Habillés en sarongs, portant des coiffes traditionnelles, des milliers d’Indonésiens manifestent bruyamment contre un méga-projet touristico-immobilier sur l’île paradisiaque de Bali. Ils dénoncent une menace pour l’environnement et la culture, non loin des plages de sable blanc prisées des touristes étrangers. Ils se mobilisent quasiment toutes les semaines pour exiger l’abandon de ce projet consistant à assécher les eaux de la baie de Benoa. Objectif: aménager 12 îlets artificiels flanqués d’hôtels de luxe sur 700 hectares - la moitié de la surface de la baie - sur la commune de Sanur, à la pointe sud de l’île.

De tels travaux, avertissent les opposants, vont causer des dommages irrémédiables à l’environnement, détruire les moyens de subsistance de nombreux pêcheurs et désacraliser des sites hindous à Bali - unique territoire majoritairement hindou de l’Indonésie, le pays musulman le plus peuplé au monde. La baie de Benoa abrite des mangroves, des coraux, des estuaires, des villages ancestraux sacrés pour les Hindous et elle doit être protégée, insiste l’ONG Conservation International.

Risques d’inondations

Ce projet est la dernière chose dont aurait besoin Bali, selon ses détracteurs: pour eux, l’île la plus touristique d’Indonésie est déjà envahie de complexes hôteliers qui peinent à remplir leurs chambres malgré l’afflux de touristes venus du monde entier. «Benoa est pour les hindous balinais un site sacré qui doit être protégé», explique le chef de file de la contestation, Wayan Gendo Suardana, lors d’une récente manifestation qui a réuni des centaines de villageois et défenseurs de l’environnement, sur fond de musique interprétée par des pop stars locales.

Si le projet se réalise, «il y a aura des inondations à l’avenir, l’eau sera sale et nauséabonde», prévient M. Suardana. La baie de Benoa avait été déclarée réserve naturelle en 2011, mais la donne a changé sous la pression d’investisseurs qui ont commandité des études de faisabilité lestées de conclusions allant dans leur sens. Favorable au projet, le gouverneur de Bali, I Made Mangku, a donné son autorisation avant de se rétracter face à l’ampleur de la contestation, puis de redonner à nouveau son feu vert.

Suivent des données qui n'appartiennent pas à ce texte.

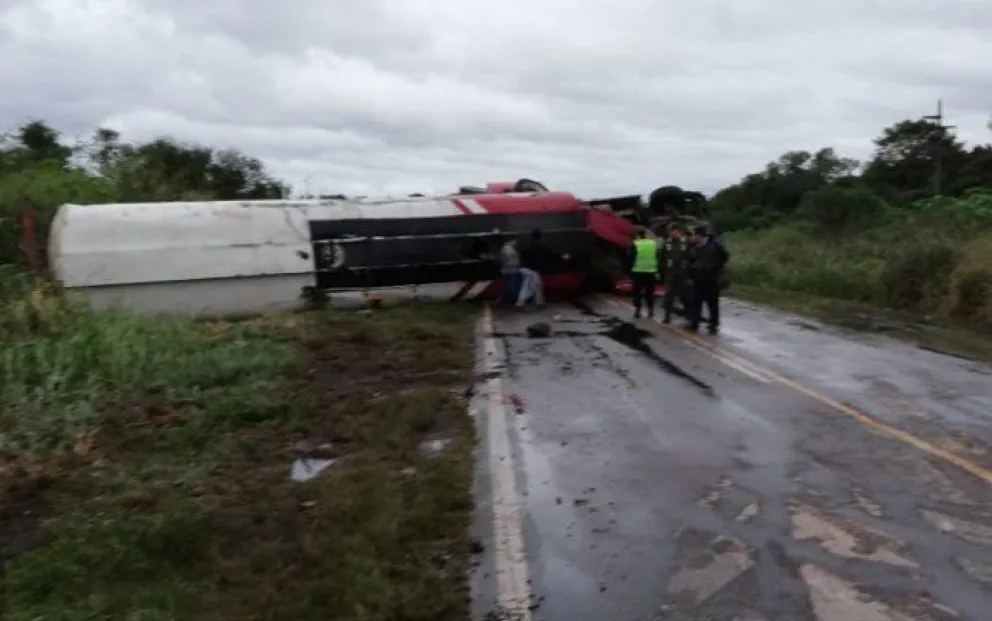 Desastre total: volcó un camión con combustible
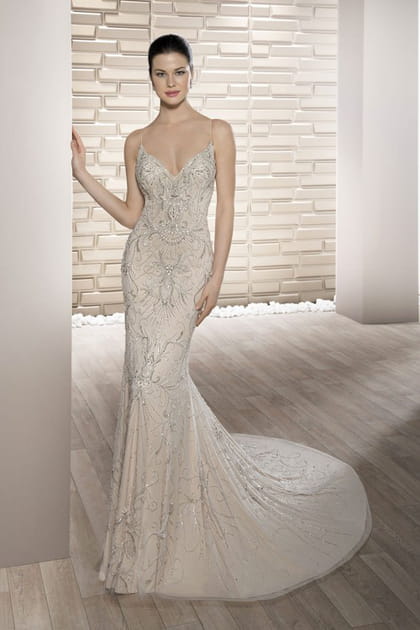 Une robe sensuelle, Demetrios
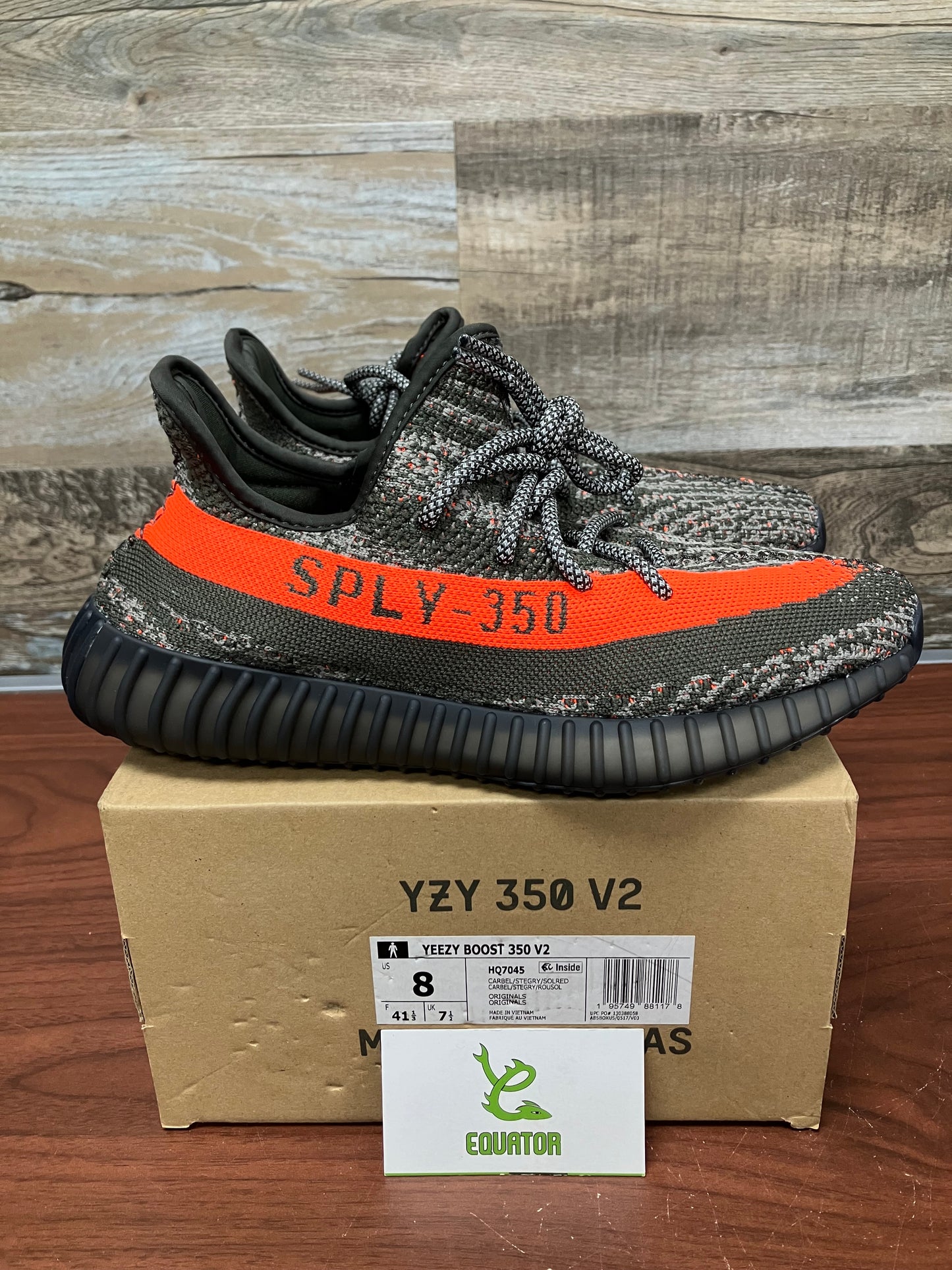 Yeezy 350 carbon beluga Size 8 New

Dans la foulée, la société immobilière Tirta Wahana Bali International avait annoncé le méga-projet touristico-immobilier. Ses promoteurs ne cessent depuis de dire que leur programme dopera l’économie balinaise et créera 200.000 emplois. Le projet s’articule autour de la route à péage qui surplombe la mer: cette voie d’accès inaugurée en 2013 offre un accès rapide à la baie depuis l’aéroport international de Bali. L’île a accueilli l’an passé quatre millions de touristes étrangers.

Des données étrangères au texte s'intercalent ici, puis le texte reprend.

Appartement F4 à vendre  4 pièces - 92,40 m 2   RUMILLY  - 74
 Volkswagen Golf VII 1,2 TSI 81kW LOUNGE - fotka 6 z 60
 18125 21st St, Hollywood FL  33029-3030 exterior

Mais pour ForBali, association à la pointe de la contestation que dirige M. Suardana, les arguments économiques ne tiennent pas: le taux de chômage à Bali est très bas et l’île n’a pas besoin de nouveaux complexes hôteliers, avec ceux qui ont poussé comme des champignons ces dernières années. D’un autre avis, le gouverneur de Bali estime, lui, que la baie de Benoa, boueuse et jonchée de détritus, a besoin d’être revitalisée et que le projet ne provoquera pas d’inondations.

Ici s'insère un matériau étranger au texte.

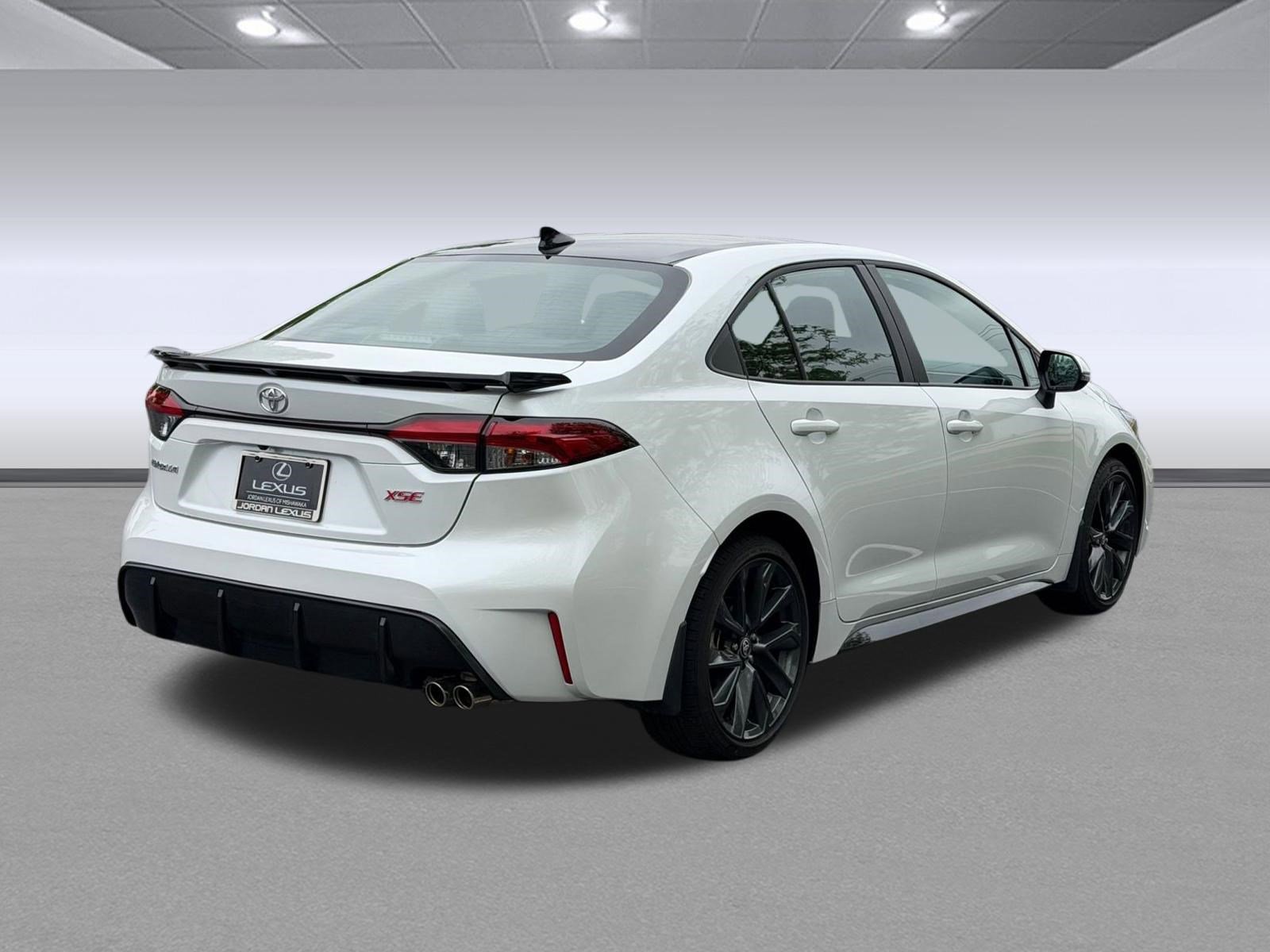 Used 2025 Toyota Corolla XSE FWD image 9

«Si le niveau de la mer monte, il ne montera pas de beaucoup. Dans d’autres parties du monde, des pays réalisent des projets de polder. Singapour est constamment en train de reconquérir des terres, les Pays-Bas ont même aménagé une province entière. Sont-ils en train de couler? Non», a-t-il déclaré à l’AFP. Des mangroves seront plantées autour des îlets artificiels et serviront de barrière de protection en cas de tsunami, un risque constant dans l’archipel régulièrement frappé par des séismes, affirme-t-il.

Ces aménagements sont cependant loin de voir le jour. Le gouvernement du président Joko Widodo a annoncé en juillet qu’une évaluation des répercussions environnementales était encore nécessaire avant de faire quoi que ce soit, sans préciser combien de temps l’étude pourrait durer.